Among these solutions, a class of $ (n+1) $-dimensional topological black hole solutions were obtained [26] in Einstein-Maxwell-dilaton theory, which are neither asymptotically flat nor anti-de Sitter. The thermodynamic properties of these black holes were carefully analyzed. Moreover, the effect of the dilaton field on thermal stability was detailed [26]. $ P-V $ criticality was investigated in Refs. [27, 28]. Provided the coupling constant of dilaton gravity is less than one, the critical values of relevant physical quantities are physical [28]. Ref. [29] investigated phase transitions and thermodynamic geometry, while Ref. [30] provided further details on the existence of a zeroth-order phase transition. The two point correlation function and the entanglement entropy of dilaton black holes were studied by one of the authors [31], providing an alternative perspective to observe the critical phenomena in dilaton black holes. Additionally, with Ruppeiner geometry, Ref. [32] attempted to provide a microscopic explanation for the phase transitions of charged dilatonic black holes.
Although many attempts have been made, the dynamic phase transition of this typical class of dilaton black hole solutions proposed in Ref. [26] and the related kinetics remain inadequately explained. Therefore, the motivation for this paper was to obtain this “missing puzzle piece” concerning the phase transition of charged dilaton black holes. The dynamic phase transition of black holes has emerged as a popular topic since the recent creative works reporting the kinetics of the Hawing-Page phase transition [57] and the van der Waals-like phase transition [58]. For the latter, the transition between the large black hole and the small black hole due to thermal fluctuation can be viewed as stochastic process, which can then be analyzed via the Fokker-Planck equation [58]. Subsequently, dynamic phase transitions of Gauss-Bonnet black holes [59-61] and charged AdS black holes surrounded by quinteness dark energy [62] were investigated. Furthermore, it was suggested in a recent study [63] that the turnover of the kinetics can be used to investigate the microstructure of black holes. It is of significant interest to generalize these studies to dilaton black holes considering the physical importance of dilaton gravity, as stated in the first paragraph. It is expected that this will reveal novel features of the dynamic phase transition of black holes.
This paper is organized as follows. Sec. II is devoted to a short review of the thermodynamic properties of charged dilaton black holes. Sec. III investigates the dynamic phase transition of charged dilaton black holes. The first passage process for the phase transition of charged dilaton black holes is explored in Sec. IV. Finally, conclusions are presented in Sec. V.

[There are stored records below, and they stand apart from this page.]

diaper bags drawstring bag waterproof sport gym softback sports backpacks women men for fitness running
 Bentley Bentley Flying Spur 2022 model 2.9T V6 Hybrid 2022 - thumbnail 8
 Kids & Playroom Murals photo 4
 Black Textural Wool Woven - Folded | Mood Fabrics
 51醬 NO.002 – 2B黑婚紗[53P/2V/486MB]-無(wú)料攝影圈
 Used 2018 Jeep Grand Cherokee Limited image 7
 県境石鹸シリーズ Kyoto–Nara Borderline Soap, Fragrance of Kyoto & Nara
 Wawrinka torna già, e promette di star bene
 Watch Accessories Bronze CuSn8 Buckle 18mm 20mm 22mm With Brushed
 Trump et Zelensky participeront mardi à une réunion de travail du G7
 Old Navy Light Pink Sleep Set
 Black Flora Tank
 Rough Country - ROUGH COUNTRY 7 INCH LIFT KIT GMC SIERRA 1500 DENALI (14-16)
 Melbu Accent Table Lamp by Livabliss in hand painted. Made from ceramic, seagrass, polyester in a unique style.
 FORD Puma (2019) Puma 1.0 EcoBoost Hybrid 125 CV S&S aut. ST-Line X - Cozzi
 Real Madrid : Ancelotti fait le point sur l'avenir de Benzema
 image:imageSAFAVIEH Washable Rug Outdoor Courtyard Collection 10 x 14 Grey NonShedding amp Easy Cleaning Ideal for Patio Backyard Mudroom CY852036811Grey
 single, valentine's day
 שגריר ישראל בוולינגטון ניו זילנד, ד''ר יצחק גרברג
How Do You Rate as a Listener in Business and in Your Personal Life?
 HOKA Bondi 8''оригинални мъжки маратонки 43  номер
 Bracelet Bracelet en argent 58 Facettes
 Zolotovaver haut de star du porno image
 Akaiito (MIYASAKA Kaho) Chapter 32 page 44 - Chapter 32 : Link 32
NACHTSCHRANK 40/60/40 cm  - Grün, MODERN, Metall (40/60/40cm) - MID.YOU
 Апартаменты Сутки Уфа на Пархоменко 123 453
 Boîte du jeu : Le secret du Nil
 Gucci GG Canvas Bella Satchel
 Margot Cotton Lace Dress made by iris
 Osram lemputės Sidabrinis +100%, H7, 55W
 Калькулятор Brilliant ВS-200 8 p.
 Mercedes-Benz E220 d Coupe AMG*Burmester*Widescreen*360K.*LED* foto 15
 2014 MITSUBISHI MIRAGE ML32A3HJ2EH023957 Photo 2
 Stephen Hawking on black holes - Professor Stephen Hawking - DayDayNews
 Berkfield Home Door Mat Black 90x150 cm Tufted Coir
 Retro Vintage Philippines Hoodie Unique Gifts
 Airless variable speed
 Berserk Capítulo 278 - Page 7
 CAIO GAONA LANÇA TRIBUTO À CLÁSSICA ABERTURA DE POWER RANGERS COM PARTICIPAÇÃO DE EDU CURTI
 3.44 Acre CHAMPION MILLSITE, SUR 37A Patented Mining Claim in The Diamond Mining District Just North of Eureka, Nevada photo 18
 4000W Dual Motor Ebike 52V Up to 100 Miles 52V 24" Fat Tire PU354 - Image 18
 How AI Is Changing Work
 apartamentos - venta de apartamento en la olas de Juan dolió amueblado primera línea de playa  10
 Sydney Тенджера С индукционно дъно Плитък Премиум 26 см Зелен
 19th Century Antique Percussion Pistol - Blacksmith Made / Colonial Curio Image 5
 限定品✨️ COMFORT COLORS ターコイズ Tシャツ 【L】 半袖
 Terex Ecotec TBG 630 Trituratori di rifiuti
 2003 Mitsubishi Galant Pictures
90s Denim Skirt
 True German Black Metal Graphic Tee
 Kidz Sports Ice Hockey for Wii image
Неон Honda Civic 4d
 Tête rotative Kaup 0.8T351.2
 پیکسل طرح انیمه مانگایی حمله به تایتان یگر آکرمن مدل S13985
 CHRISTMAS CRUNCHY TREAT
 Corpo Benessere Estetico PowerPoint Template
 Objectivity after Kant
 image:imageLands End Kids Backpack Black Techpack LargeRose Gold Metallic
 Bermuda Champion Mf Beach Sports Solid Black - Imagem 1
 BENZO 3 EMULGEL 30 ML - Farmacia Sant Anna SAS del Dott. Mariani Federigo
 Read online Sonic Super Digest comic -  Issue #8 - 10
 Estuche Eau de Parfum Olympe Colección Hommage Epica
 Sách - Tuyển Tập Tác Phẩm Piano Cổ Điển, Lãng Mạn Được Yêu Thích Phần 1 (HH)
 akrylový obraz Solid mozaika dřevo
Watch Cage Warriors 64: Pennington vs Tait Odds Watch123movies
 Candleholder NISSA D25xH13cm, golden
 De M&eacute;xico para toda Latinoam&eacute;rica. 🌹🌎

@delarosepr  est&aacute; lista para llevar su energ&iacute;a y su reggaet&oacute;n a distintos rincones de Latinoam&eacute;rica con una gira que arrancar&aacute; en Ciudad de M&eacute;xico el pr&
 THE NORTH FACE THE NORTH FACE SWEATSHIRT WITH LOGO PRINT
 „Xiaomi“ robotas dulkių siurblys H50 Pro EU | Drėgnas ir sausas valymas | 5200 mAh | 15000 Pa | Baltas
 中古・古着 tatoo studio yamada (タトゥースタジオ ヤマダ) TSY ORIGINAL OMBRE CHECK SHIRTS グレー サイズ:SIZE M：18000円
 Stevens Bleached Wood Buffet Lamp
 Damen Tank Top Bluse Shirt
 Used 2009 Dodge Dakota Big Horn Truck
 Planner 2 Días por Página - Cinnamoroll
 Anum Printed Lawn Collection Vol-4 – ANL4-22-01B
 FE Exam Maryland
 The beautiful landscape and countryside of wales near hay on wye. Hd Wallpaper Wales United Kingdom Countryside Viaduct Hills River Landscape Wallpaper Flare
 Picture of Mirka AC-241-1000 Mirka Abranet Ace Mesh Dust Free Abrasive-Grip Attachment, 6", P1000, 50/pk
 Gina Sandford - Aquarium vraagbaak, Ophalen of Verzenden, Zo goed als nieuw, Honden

The Einstein-Maxwell-Dilaton action in $ (n+1) $-dimensional spacetime reads [8]

$ \begin{aligned}[b] S =& \frac{1}{16\pi}\int {\rm d}^{n+1}x \sqrt{-g}\Bigg(\mathcal{R}-\frac{4}{n-1}(\nabla \Phi)^2-V(\Phi)\\&-{\rm e}^{-4\alpha \Phi/(n-1)}F_{\mu\nu}F^{\mu\nu}\Bigg), \end{aligned} $

(1)

where $ \mathcal{R} $, $ \Phi $, and $ F_{\mu\nu} $ denote the Ricci scalar curvature, dilaton field, and electromagnetic field tensor, respectively. The parameter $ \alpha $ describes the strength of the coupling between the electromagnetic and dilaton fields.
To obtain a solution, one must adopt a specific form of the potential of the dilaton field $ V(\Phi) $; in this case, $ V(\Phi) = $$ 2\Lambda_0{\rm e}^{2\zeta_0\Phi}+2\Lambda {\rm e}^{2\zeta\Phi} $ [8, 17, 18, 26]. Note that if the power-law Maxwell field is considered [22], an additional term should be added to the above potential.
One can take the general form of the metric as [26]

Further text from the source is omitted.